L’ouvrage montre comment George Masson met à profit sa connaissance des orientations de la médecine pour bâtir un catalogue commercial adossé à l’évolution de la science et de l’université. À l’instar de Masson, les librairies tentent de dominer un segment de ce nouveau marché que constitue l’édition spécialisée. La concentration de titres dans les catalogues de quelques maisons d’édition aboutit bientôt à des monopoles. Gauthier-Villars s’impose en mathématiques, Dalloz dans le droit, Alcan en sciences humaines et sociales, Masson en médecine et Hachette dans les lettres. Au tournant du xxe siècle, le libraire est devenu un acteur incontournable de l’édition et coordonne l’ensemble de la production. La perte de contrôle des comités de rédaction sur la chaîne d’édition se poursuit après 1945, lorsque le travail de mise en forme éditoriale et la relecture des épreuves sont délégués à des tiers.
Le modèle des presses d’université qui émerge en parallèle témoigne pourtant d’une volonté de maîtrise des circuits de production et de diffusion des produits de la recherche par les milieux savants. Dès les années 1920, des collectifs d’auteurs portent des initiatives d’édition autogérées dans le monde académique français. Créées sur le modèle des presses d’université américaines, les Presses universitaires de France prennent la forme d’une société coopérative d’édition destinée à satisfaire les besoins de la communauté. Cette résurgence des auteurs-producteurs rappelle le rôle des sociétés savantes d’autrefois, mais prend place dans une économie de la connaissance dans laquelle l’université occupe le premier plan. Exemplaires par ce qu’elles disent des milieux savants, les entreprises d’autogestion demeurent limitées. Elles subsistent grâce au soutien de l’État qui intervient plus régulièrement sur le marché de l’édition scientifique au cours du siècle.
Tout au long du xxe siècle, la filière et l’objet revue même connaissent de profondes transformations. Alors que l’anglais s’impose comme la langue de publication, éditeurs et institutions de recherche français se voient contraints d’élaborer des stratégies internationales de diffusion. Une réponse à l’internationalisation de la recherche consiste ainsi à fusionner des titres au niveau européen. Réunir un comité de rédaction international, accepter des articles en anglais et angliciser les résumés constituent d’autres exemples à l’échelle de la revue.
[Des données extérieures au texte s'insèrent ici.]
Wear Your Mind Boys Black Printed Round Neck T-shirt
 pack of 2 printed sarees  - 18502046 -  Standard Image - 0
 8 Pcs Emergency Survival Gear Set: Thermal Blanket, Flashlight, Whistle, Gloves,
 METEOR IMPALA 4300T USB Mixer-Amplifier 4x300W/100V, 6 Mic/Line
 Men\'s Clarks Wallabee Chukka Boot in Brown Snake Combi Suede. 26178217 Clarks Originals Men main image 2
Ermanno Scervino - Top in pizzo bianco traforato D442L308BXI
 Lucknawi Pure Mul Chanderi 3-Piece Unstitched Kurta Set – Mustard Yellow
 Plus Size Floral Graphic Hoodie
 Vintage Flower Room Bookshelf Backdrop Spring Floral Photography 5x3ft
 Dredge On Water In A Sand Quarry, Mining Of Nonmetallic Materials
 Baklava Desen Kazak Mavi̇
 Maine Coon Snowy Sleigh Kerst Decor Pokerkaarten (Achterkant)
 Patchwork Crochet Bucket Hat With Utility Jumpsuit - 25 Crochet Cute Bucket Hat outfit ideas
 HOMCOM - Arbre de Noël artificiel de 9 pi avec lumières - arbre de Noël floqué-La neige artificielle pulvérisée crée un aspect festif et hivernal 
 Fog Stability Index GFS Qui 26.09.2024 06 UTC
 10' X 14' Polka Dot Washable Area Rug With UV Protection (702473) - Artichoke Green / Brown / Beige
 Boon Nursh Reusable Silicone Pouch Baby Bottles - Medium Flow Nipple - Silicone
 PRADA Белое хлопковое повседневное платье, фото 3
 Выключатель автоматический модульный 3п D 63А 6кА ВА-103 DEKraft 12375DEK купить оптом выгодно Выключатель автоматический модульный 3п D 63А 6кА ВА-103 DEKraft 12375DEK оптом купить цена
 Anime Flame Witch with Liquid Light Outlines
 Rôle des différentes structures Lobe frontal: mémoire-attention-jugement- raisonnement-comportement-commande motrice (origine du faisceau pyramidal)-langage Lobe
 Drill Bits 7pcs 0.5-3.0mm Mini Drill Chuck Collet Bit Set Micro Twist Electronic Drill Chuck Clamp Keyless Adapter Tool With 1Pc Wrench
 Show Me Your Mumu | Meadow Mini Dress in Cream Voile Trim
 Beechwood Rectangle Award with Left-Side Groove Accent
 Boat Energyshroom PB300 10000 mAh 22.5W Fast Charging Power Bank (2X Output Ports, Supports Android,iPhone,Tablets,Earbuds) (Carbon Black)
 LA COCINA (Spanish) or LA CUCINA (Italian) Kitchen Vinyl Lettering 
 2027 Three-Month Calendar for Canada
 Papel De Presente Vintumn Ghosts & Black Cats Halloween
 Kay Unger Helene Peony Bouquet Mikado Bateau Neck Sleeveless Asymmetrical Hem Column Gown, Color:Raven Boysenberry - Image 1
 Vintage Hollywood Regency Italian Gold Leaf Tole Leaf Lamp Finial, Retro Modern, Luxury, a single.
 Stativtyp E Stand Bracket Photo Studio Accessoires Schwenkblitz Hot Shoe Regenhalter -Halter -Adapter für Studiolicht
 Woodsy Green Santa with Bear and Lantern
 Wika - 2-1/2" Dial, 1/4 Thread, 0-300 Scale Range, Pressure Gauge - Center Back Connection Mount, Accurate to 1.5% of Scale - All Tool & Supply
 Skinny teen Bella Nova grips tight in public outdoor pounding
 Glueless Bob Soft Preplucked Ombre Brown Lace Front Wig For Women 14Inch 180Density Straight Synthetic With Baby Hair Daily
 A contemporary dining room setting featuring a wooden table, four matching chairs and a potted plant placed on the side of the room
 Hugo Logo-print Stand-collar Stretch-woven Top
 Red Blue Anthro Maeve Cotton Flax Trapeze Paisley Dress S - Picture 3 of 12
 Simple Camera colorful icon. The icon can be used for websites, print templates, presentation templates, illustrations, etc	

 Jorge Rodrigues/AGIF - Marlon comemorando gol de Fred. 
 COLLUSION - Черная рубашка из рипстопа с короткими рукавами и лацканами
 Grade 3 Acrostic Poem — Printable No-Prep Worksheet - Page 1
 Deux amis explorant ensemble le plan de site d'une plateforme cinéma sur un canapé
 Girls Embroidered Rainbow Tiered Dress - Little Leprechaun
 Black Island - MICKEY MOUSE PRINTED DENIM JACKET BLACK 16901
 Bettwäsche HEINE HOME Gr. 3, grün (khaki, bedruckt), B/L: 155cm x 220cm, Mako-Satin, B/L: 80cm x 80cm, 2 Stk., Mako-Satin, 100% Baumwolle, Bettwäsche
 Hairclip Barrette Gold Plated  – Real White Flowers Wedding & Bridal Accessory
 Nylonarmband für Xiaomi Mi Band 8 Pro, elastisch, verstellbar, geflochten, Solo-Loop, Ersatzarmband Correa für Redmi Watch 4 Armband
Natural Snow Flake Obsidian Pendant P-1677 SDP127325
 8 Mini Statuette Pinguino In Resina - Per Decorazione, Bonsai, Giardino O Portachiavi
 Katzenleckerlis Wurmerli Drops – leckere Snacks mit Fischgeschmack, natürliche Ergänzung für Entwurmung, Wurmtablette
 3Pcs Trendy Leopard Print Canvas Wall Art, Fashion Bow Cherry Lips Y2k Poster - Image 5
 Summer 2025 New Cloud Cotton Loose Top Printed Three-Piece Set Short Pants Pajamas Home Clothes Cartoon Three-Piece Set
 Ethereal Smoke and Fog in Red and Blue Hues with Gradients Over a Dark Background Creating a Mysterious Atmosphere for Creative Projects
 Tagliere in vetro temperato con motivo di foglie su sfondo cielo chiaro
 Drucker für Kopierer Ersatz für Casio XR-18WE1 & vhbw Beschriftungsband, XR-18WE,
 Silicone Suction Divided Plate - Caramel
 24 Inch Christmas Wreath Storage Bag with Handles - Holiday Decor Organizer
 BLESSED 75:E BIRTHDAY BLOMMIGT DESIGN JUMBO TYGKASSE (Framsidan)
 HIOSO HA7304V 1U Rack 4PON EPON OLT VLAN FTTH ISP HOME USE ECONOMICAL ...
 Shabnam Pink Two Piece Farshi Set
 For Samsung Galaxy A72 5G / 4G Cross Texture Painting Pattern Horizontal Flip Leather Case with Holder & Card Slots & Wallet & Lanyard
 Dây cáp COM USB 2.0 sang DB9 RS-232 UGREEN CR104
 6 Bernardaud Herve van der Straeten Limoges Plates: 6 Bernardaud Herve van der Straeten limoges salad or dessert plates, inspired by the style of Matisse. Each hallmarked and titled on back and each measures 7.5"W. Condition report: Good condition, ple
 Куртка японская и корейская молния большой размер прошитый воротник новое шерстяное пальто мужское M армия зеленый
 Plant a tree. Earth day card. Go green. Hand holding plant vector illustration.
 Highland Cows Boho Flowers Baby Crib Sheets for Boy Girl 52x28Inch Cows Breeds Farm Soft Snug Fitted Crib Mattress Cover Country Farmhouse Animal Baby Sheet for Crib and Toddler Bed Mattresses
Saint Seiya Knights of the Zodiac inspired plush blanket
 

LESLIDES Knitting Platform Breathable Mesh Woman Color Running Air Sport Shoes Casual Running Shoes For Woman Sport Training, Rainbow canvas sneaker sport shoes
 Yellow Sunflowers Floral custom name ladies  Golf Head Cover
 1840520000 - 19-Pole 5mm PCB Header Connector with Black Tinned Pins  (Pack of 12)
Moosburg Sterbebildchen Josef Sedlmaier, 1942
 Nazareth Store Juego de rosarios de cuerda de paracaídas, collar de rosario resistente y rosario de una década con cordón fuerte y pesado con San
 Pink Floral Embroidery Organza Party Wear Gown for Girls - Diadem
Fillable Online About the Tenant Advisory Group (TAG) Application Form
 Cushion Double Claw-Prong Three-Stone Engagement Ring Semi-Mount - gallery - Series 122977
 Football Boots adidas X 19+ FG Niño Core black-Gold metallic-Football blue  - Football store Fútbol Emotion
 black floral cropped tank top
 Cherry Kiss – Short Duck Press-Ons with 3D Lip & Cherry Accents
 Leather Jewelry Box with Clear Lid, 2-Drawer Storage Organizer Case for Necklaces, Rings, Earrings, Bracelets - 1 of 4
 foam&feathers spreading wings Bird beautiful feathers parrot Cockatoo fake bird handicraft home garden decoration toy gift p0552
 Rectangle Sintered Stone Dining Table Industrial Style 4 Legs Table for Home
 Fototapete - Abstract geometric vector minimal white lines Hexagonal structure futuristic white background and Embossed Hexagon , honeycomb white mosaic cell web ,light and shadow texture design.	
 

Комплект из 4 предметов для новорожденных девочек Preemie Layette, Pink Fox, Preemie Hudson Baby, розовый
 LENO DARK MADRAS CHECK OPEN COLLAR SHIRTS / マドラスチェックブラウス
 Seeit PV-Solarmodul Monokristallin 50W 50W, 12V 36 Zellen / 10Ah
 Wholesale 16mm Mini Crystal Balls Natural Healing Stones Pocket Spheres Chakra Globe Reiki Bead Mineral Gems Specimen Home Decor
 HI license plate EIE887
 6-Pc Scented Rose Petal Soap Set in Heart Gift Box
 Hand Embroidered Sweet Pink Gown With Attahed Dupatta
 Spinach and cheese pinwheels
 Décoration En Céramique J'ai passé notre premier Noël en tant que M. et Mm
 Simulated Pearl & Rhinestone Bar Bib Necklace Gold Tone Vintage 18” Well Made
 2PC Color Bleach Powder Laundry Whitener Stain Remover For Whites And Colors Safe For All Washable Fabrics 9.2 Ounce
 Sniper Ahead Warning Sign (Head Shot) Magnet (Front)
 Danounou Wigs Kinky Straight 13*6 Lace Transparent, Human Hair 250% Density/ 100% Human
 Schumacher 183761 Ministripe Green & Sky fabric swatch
Malgré ces stratégies, le secteur se reconfigure autour d’oligopoles internationaux, comme en témoigne l’absorption de Masson par le groupe Reed Elsevier en 2005.
La pression de l’internationalisation, conjuguée à l’inflation du poste d’impression, renverse les modèles économiques bien établis des revues et conduit à une remise en cause du modèle de l’imprimé. Ce processus, amorcé dans les années 1990, s’intensifie au début du xxie siècle sous l’influence des plateformes éditoriales numériques. Le modèle de revue adopté dans le contexte de l’imprimé est ébranlé par la fragmentation accrue des contenus et l’autonomisation des articles sur internet. Cette fragmentation numérique, qui s’inscrit dans le prolongement des feuillets mobiles, des ventes à la découpe et des tables séparées, révèle une aspiration à optimiser le temps consacré à la recherche d’information. Par ailleurs, le statut et le rôle de la revue dans les milieux savants changent. L’injonction à publier dans le monde académique façonne les carrières des chercheurs désireux, et contraints, de diffuser leurs travaux dans les revues réputées les meilleures. Privées d’une partie de leurs auteurs et lecteurs, les revues doivent faire face à une concurrence mondiale ou encore s’adapter à l’évolution des pratiques de la recherche documentaire dans un contexte de production massive des données scientifiques. Ainsi, l’ouvrage donne à voir le passage d’une « revue conquérante » à une « revue ébranlée » (titres respectifs des deuxième et troisième parties) dont la forme et le contenu, à l’ère du numérique, restent à redéfinir.